One of the reasons cited for the increase in European ULSD prices was a report from a company called Insights Global that ULSD inventories were at eight-month lows in that Rotterdam region. That would be in keeping with other inventory numbers showing tight diesel supplies. U.S. total distillate inventories — which are mostly ULSD — are 14 million barrels less than the five-year average. That’s about a 12% deficit.
Back to the IEA report: It sees tight inventories of middle distillates all over the world. The IEA reported that in September, the last full month for which it has data, inventories of all petroleum products drew 25.8 million barrels compared to a usual September decline of 5.7 million barrels.
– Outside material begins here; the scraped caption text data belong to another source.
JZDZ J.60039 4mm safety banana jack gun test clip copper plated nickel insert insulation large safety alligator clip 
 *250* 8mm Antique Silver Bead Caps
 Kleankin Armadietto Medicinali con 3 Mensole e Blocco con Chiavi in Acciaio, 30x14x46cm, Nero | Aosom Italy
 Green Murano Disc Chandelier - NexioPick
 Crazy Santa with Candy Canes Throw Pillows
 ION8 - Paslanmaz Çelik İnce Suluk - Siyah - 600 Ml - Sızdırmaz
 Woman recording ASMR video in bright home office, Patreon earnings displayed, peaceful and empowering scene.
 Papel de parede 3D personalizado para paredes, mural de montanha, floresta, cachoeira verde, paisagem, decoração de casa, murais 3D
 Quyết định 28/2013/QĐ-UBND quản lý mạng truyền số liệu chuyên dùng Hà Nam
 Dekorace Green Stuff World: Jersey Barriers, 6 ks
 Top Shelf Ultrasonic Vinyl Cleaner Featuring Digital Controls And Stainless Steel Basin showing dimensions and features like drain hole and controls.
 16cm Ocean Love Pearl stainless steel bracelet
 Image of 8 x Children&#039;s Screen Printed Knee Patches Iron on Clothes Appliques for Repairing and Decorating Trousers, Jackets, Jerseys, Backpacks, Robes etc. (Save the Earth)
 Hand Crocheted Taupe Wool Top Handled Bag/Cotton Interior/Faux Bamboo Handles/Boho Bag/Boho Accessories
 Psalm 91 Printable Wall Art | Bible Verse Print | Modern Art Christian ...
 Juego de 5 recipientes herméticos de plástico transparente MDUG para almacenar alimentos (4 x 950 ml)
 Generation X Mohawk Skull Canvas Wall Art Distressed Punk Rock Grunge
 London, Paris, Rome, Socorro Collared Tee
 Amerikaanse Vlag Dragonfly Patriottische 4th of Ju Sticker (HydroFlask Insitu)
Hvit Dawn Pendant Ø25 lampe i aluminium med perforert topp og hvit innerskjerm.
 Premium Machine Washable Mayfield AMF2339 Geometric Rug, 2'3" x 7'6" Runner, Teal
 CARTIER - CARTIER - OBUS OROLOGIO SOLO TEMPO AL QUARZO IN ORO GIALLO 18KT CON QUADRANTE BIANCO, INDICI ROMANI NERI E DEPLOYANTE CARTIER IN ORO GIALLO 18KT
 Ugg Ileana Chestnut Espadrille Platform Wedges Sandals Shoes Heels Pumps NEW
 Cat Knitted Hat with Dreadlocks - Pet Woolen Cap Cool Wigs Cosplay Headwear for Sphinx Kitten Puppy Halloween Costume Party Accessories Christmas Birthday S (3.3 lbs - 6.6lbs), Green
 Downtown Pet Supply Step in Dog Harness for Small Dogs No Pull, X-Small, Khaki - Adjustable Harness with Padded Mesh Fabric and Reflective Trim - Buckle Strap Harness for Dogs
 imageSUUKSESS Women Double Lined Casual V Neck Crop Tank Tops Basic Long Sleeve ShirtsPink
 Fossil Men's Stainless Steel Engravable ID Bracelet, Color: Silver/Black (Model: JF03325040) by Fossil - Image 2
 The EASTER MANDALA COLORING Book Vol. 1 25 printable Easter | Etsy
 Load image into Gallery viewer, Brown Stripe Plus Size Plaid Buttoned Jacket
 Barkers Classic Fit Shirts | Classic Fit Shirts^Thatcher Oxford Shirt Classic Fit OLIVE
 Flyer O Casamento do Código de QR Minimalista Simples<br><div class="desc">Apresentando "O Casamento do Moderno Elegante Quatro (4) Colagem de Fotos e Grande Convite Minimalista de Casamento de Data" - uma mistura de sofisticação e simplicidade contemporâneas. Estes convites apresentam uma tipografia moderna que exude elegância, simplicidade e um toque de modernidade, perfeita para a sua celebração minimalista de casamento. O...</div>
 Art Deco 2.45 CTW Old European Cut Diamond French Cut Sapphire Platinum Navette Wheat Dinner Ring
But it was the distillates that drew the hardest: 16.9 million barrels, which the IEA says is “over three times the usual decrease owing to the a counter-seasonal fall in the Americas and a larger decrease in Europe driven by the lower refinery runs.”
Refining operations worldwide did have a heavy maintenance season in September and October. That certainly contributed to the lower inventory levels. The question is whether it was just maintenance that led to those significant draws in inventories or whether a diversion of feedstocks like VGO into making compliant marine fuels played a part. (U.S. distillate production numbers published by the EIA are not showing that.)
Although we noted that the price of ULSD on the CME had weakened relative to Brent, a sign that IMO 2020 was not hitting prices, the market is in a relatively steep backwardation. A backwardation is a market structure in which the highest price is found in the contract for the most immediate delivery, in this case December. And it’s a structure that develops if inventories are tight. (A perfectly balanced market has the price rise over the course of the calendar, to reflect the cost of storage and the time value of money. That structure is known as contango.)
On Nov. 15, the spread out to next January was about 7 cts, with December 2020 priced about 7 cts less than December 2019. That is a fairly steep backwardation. It steepened by about 1.5 cts just over the course of the week, a move that also could be considered significant.
Truckers and other transportation professionals concerned about IMO 2020 have every right to be breathing a sigh of relief so far. There were predictions that the market might be shooting up by now. It hasn’t happened and it might not. But there are still plenty of things to keep an eye on and watch for the danger coming over the hill.